Researchers have begun to appreciate the importance of copy number variation when considering the connections between DNA and disease.
Most people have two copies of most genes. But some have only one copy, or three, or none. There have been hints that copy number variation (CNV) might range much more widely than zero to three, but such extremes have been hard to analyze in gene sequencing data.
“For all the excitement about copy number variation in human genetics, most earlier research has been limited to the simplest form of CNV, in which you have either a missing segment or an extra copy of it,” said Steven McCarroll, assistant professor of genetics at Harvard Medical School and director of genetics for the Stanley Center for Psychiatric Research at the Broad Institute of MIT and Harvard.
“Here we came up with a way to analyze extreme forms of CNV,” he said. “Now we can start to use this exuberant form of genetic variation to help illuminate the genetic basis of disease.”
McCarroll and colleagues reported their insights about extreme CNV in Nature Genetics on Jan. 26. Their discoveries were made possible by new computational techniques that first author Bob Handsaker developed to analyze whole-genome sequence data from thousands of genomes at once.
“Before, we had no good way to study genes that have a really high copy number, above four,” said Handsaker, a research scientist in the McCarroll lab. “Now we can find places where people’s gene copy number ranges from zero to 15. It’s the first time we’ve been able to measure this kind of variation with such precision.”
“We’ve found that in hundreds of genes, there’s a wide variation in copy numbers. Now that we can measure these variations accurately, we can ask whether there are health repercussions,” said Handsaker.
The results also enrich the understanding of human genome evolution, said McCarroll.
Once they had developed a way to study extreme CNV, Handsaker, McCarroll and their team made four primary discoveries.
First: About 88 percent of gene copy number variation among humans arises from extreme copy number variants rather than simple copy number variants.
“These extreme copy number variants are a small fraction of all CNVs, but they have broader effects on genes than we anticipated,” said McCarroll.
Second: The more copies of a gene a person has, the more that gene is expressed.
“You might think this was obvious,” said Handsaker, “but in some organisms, such as plants, when you have more copies, most of them are turned off. It turns out that in humans, they’re all turned on in almost all cases.”
Third: With simple CNV, most people have two copies, while a few outliers have one or three or none.

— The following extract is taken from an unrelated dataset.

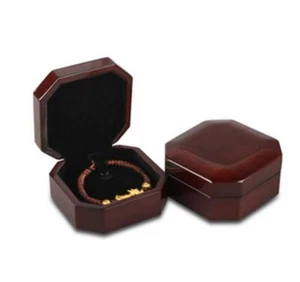 Solid Wood Engagement Boxes Jewelry Storage Case Bracelets Box - Picture 1 of 7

McCarroll’s team found that with extreme CNV, most people don’t have two copies but instead have CNVs scattered across a wide range.

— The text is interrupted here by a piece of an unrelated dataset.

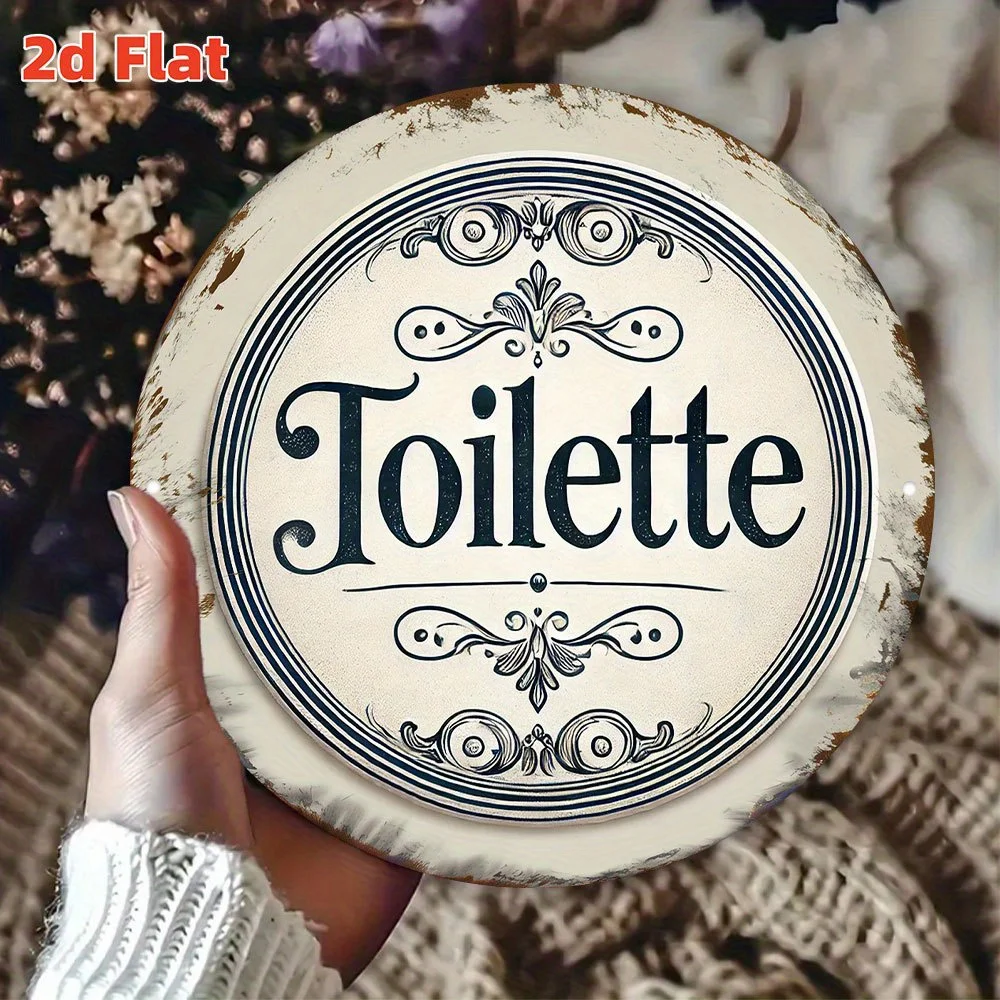 2D Vintage Circular Floral Flat Round Wooden Disc Design Bathroom Sign Unique Creative Gift Vintage Bar Bathroom Decor Toilette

“For a lot of these CNVs with these especially exuberant differences, two randomly chosen people are actually more likely to have different numbers of copies than the same number,” said Handsaker.
Fourth: Sequences with more copies are more likely to mutate further, expanding in copy number quickly and dramatically.
The team found what they call “runaway duplication haplotypes,” in which some versions of a chromosome have acquired as many as 10 copies of a gene over the past thousand or so generations, while other versions of the same chromosome continue to have just one copy.
“The fast, dramatic expansion in copy number of specific genes appears to have been evolutionarily recent and geographically localized,” said McCarroll.
One gene involved in resistance to trypanosomes—parasites that cause human illnesses including sleeping sickness and Chagas disease—evolved to have a high copy number on a subset of the chromosomes in West African populations. Another gene, related to a gene that contributes to asthma resistance, evolved to have a high copy number in Europe.
“These variations show really unusual patterns in some parts of the world,” said McCarroll. “But it’s too soon to know whether they’re doing something important.”
The team is now offering to the research community “the first data resource on extreme forms of CNV and how they actually vary across a large number of people” as well as a software toolkit to analyze extreme CNV in huge sequencing data sets, McCarroll said.
“Until recently, whole-genome sequencing was quite expensive. Today, that’s changing quickly,” McCarroll added. “This work gives us a sense of the kinds of things it’s going to be possible to see in whole-genome sequences that it wasn’t possible to see before.”
Coauthor Jennifer R. Berman is an employee of Bio-Rad Inc.
This research was supported by National Human Genome Research Institute grant R01 HG006855. Additional funding from NHGRI (U01 HG006510) is supporting follow-on work to develop production-ready software that can be used by any research laboratory.